Why is pmr::string so slow in these benchmarks? - c++

Trying out the example in Section 5.9.2 Class monotonic_buffer_resource of the following article on Polymorphic Memory Resources by Pablo Halpern :
Doc No: N3816
Date: 2013-10-13
Author: Pablo Halpern
phalpern#halpernwightsoftware.com
Polymorphic Memory Resources - r1
(Originally N3525 – Polymorphic Allocators)
The article claims that :
The monotonic_buffer_resource class is designed for very fast memory allocations
in situations where memory is used to build up a few objects and then is released all
at once when those objects go out of scope.
and that :
A particularly good use for a monotonic_buffer_resource is to provide memory for
a local variable of container or string type. For example, the following code
concatenates two strings, looks for the word “hello” in the concatenated string, and
then discards the concatenated string after the word is found or not found. The
concatenated string is expected to be no more than 80 bytes long, so the code is
optimized for these short strings using a small monotonic_buffer_resource [...]
I've benchmarked the example using the google benchmark library and boost.container 1.69's polymorphic resources, compiled and linked to release binaries with g++-8 on an Ubuntu 18.04 LTS hyper-v virtual machine with the following code :
// overload using pmr::string
static bool find_hello(const boost::container::pmr::string& s1, const boost::container::pmr::string& s2)
{
using namespace boost::container;
char buffer[80];
pmr::monotonic_buffer_resource m(buffer, 80);
pmr::string s(&m);
s.reserve(s1.length() + s2.length());
s += s1;
s += s2;
return s.find("hello") != pmr::string::npos;
}
// overload using std::string
static bool find_hello(const std::string& s1, const std::string& s2)
{
std::string s{};
s.reserve(s1.length() + s2.length());
s += s1;
s += s2;
return s.find("hello") != std::string::npos;
}
static void allocator_local_string(::benchmark::State& state)
{
CLEAR_CACHE(2 << 12);
using namespace boost::container;
pmr::string s1(35, 'c'), s2(37, 'd');
for (auto _ : state)
{
::benchmark::DoNotOptimize(find_hello(s1, s2));
}
}
// pmr::string with monotonic buffer resource benchmark registration
BENCHMARK(allocator_local_string)->Repetitions(5);
static void allocator_global_string(::benchmark::State& state)
{
CLEAR_CACHE(2 << 12);
std::string s1(35, 'c'), s2(37, 'd');
for (auto _ : state)
{
::benchmark::DoNotOptimize(find_hello(s1, s2));
}
}
// std::string using std::allocator and global allocator benchmark registration
BENCHMARK(allocator_global_string)->Repetitions(5);
Here are the results :
How is the pmr::string benchmark so slow compared to std::string?
I assume std::string's std::allocator should use "new" on the reserve call, and construct each character afterwards when calling :
s += s1;
s += s2
Comparing that to a pmr::string using a polymorphic allocator that holds the monotonic_buffer_resource, reserving memory should boil down to simply pointer arithmetic, necessitating no "new" as the char buffer should be sufficient.

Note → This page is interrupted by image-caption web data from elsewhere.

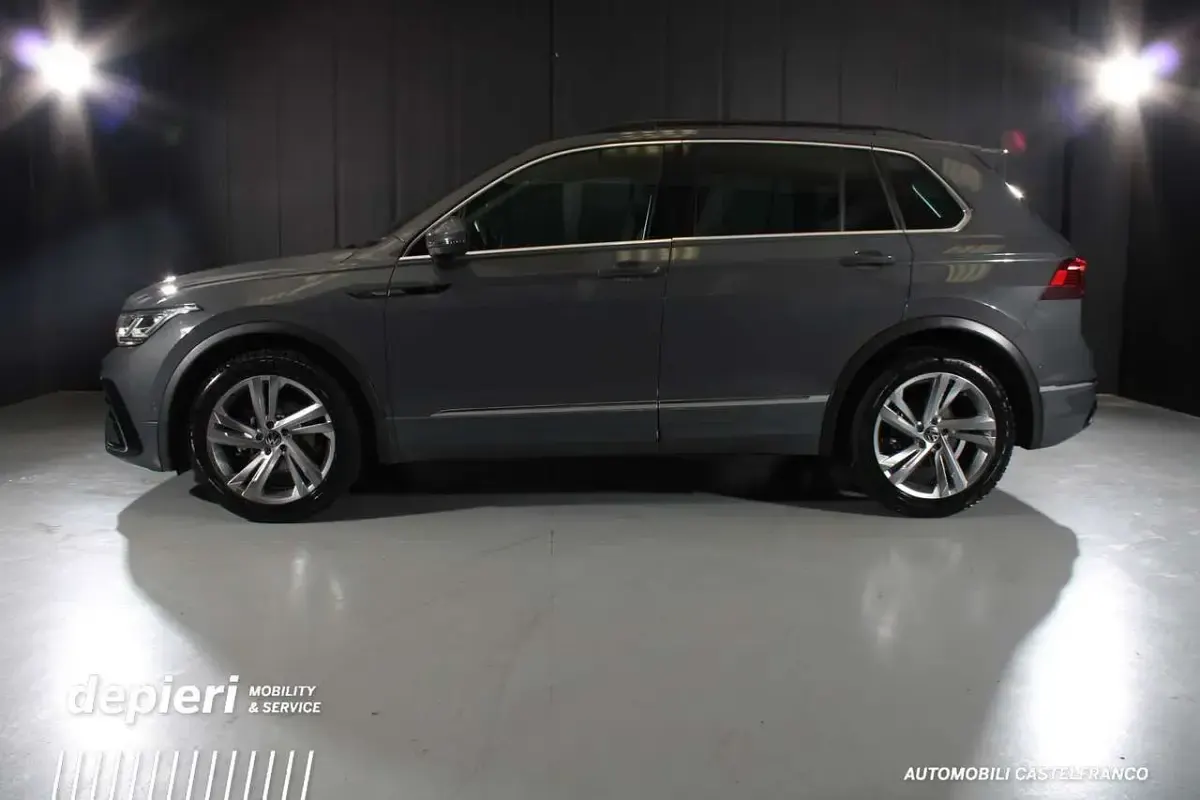 Usata VW Tiguan R-line 150 CV (110 kW) 2022 Grigio SUV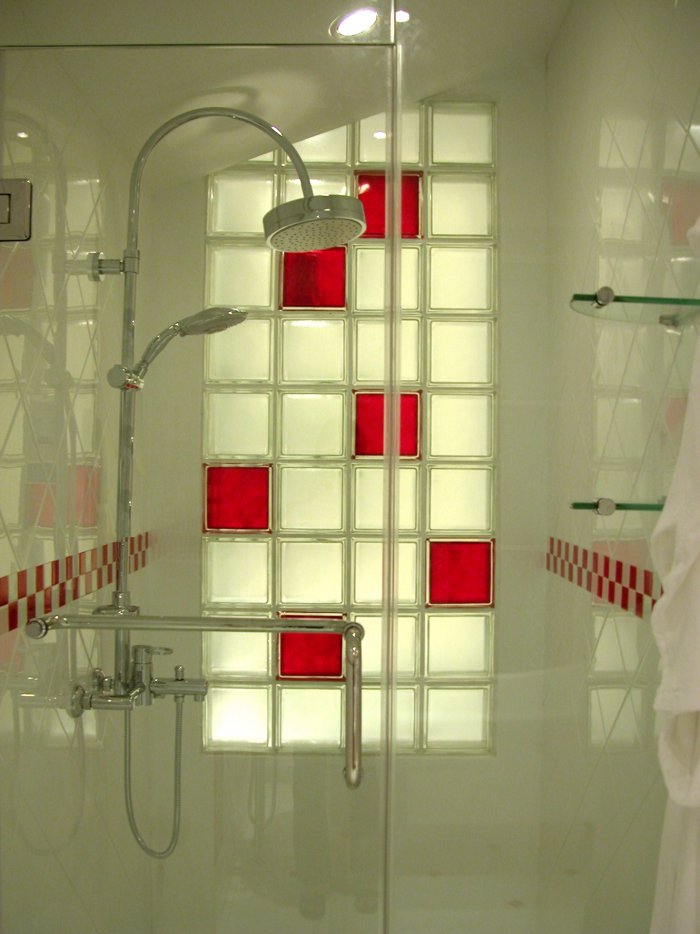 Душевая из стеклянных блоков
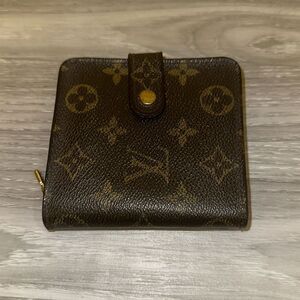 Louis Vuitton Zippy Wallet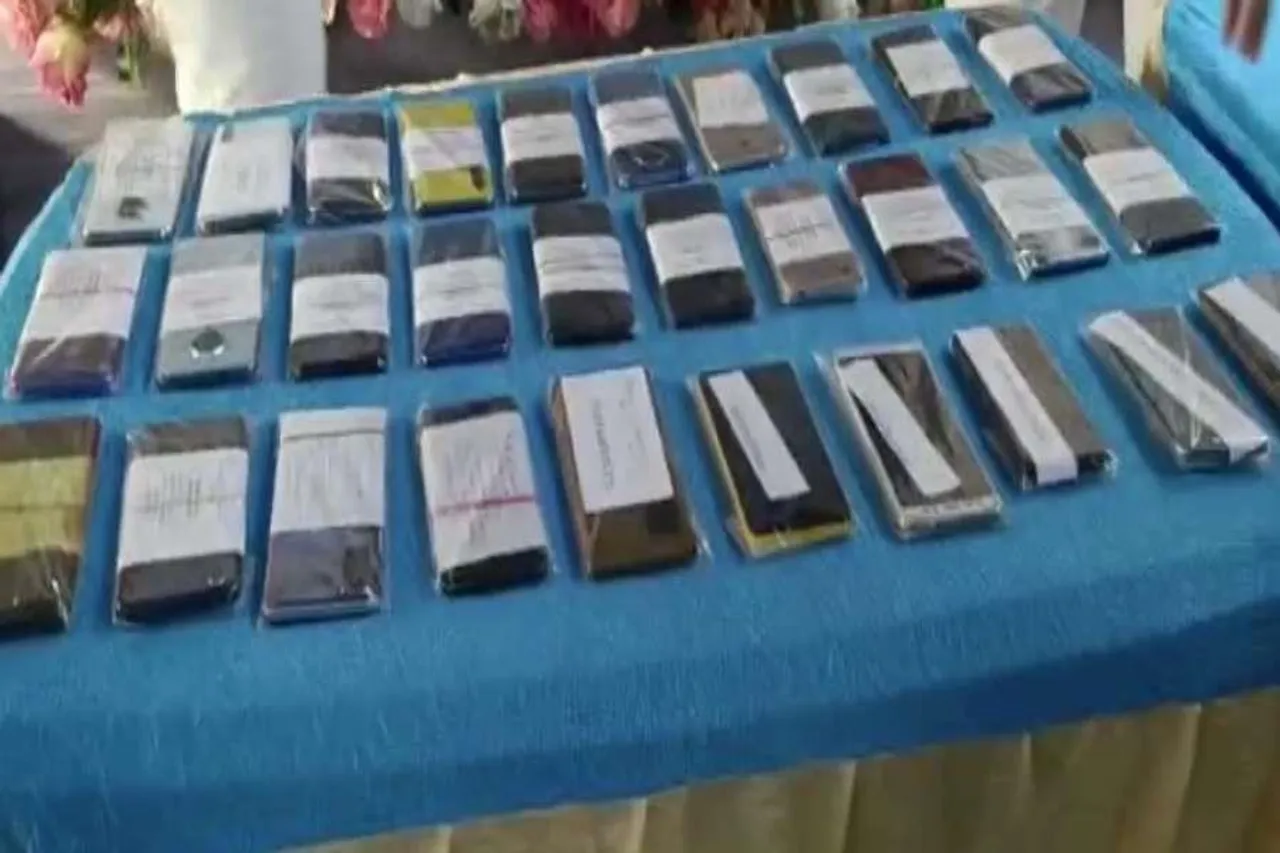 চুরি যাওয়া ৩০ টি মোবাইল এবং দুটি বাইক ফিরিয়ে দেওয়া হল মালিকের কাছে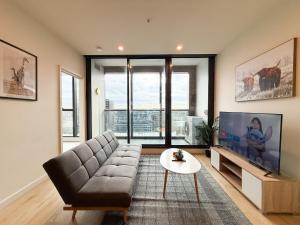 Minimalist One Bedroom Living in CBD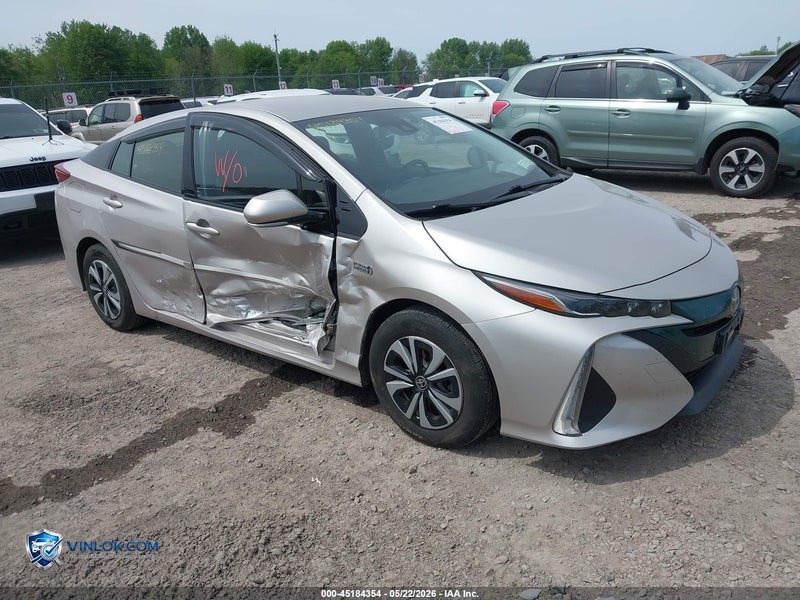2017 TOYOTA PRIUS PRIME PLUS – Lot 45184354 auction photo
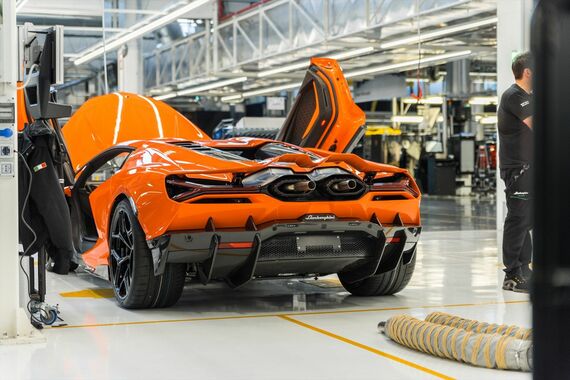 本社工場で見学・体験した「レヴエルト」の組み立て（写真：Automobili Lamborghini）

Subsequently, it would construct each character as std::string does.
So, considering that the only differing operations between the pmr::string version of find_hello and the std::string version of find_hello is the call to reserve memory, with pmr::string using stack allocation and std::string using heap allocation :
Is my benchmark wrong?
Is my interpretation of how allocation should occur wrong?
Why is the pmr::string benchmark approximately 5 times slower than the std::string benchmark?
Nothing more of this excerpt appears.